Эрнест Серебренников Дорогой, всё самое лучшее!

Во время работы в 1980 году на Олимпийских играх в Москве я подружился с Давидом Асатиани, режиссером спортивных трансляций из Тбилиси. Я отвечал за показы плавания и даже написал целую концепцию, мы репетировали каждый день в соответствии с программой Олимпийских игр, Давиду очень понравилось, как мы работали, и он часто говорил мне: «Эрик, помоги мне справиться с моими охламонами…»

Давид же отвечал за бокс и работал вместе с Котэ Махарадзе, с которым они жили в одном номере. Давиду из Грузии регулярно присылали замечательные напитки, и как-то раз, получив очередную партию бутылок, они с Котэ сели играть в шахматы. Играли на интерес: взявший пешку выпивал вина, фигуру – рюмку коньяку. И к концу сицилианской защиты наши любители шахмат были уже очень хороши. Доигрывая, они зачем-то вышли в коридор, и двигая фигуры и темпераментно обсуждая позицию, стали двигаться по коридору в неизвестном – по-моему, даже им самим – направлении. А у нас было три службы охраны. Стерегли нас милиция, КГБ и служба безопасности телевидения. В обеспечение нашей безопасности были вложены большие средства, организаторы соревнований опасались – и не без основания – каких-то провокаций. Ведь и вправду могло случиться все что угодно, учитывая бойкот Олимпиады западными странами, недавний ввод наших войск в Афганистан и проч.
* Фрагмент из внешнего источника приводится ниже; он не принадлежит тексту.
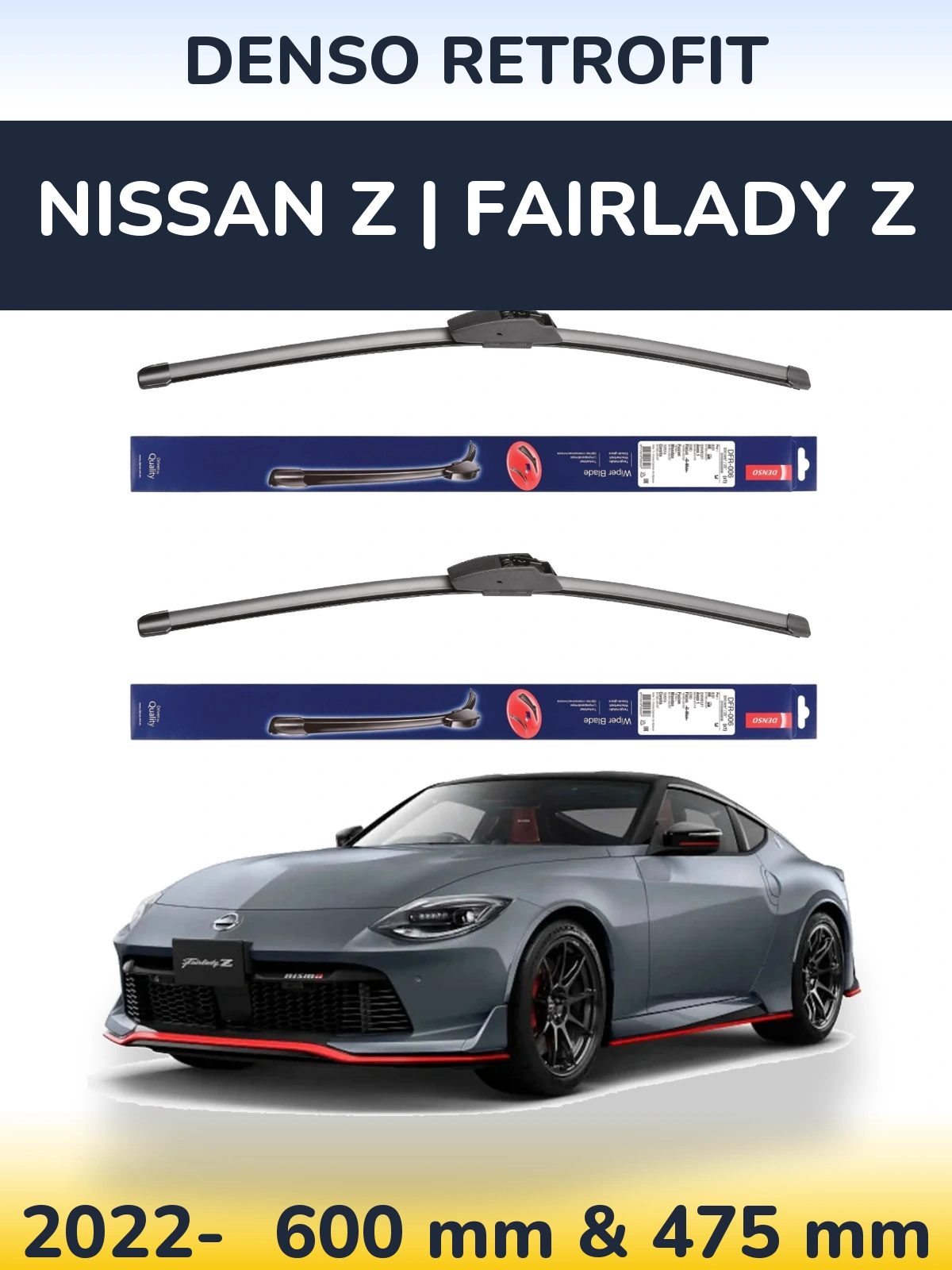 Комплект передніх щіток Denso Retrofit 600 & 475 мм для Nissan Z | Fairlady Z 2022-2026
Следили, в частности, чтобы мы ночевали в нашем общежитии.

В общем, шахматистов наших забрали, поместили в специальную комнату и все три наши службы безопасности зафиксировали в протоколе, что любители древней благородной игры грубо нарушили распорядок и спортивный режим.
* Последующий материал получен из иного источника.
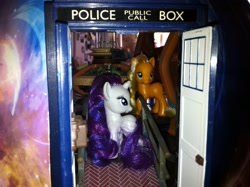 Size: 2592x1936 | Tagged: safe, artist:tibsistops, imported from derpibooru, applejack, rarity, brushable, doctor who, irl, tardis, toy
А тогда среди комментаторов Главной редакции спортивных программ шла нешуточная борьба за эфиры и утопить человека, который комментировал футбол, было для многих коллег большим счастьем. Котэ иногда давали комментировать футбол на центральных каналах, он был серьезный конкурент – обаятельный, узнаваемый, многими любимый комментатор, а тут такая история… Константина Ивановича вызвал к себе заместитель главы Гостелерадио Энвер Назимович Мамедов, достойнейший и очень интересный человек, прошедший школу ГРУ.

– Много ли у вас друзей в Москве, Константин Иванович? – начал издалека Мамедов.

– О, очень много, – ответил Махарадзе.

– Как к вам относятся на Центральном телевидении?

– О, прекрасно. Здесь работают превосходные люди, – сказал Котэ, недоумевая к чему клонит начальник.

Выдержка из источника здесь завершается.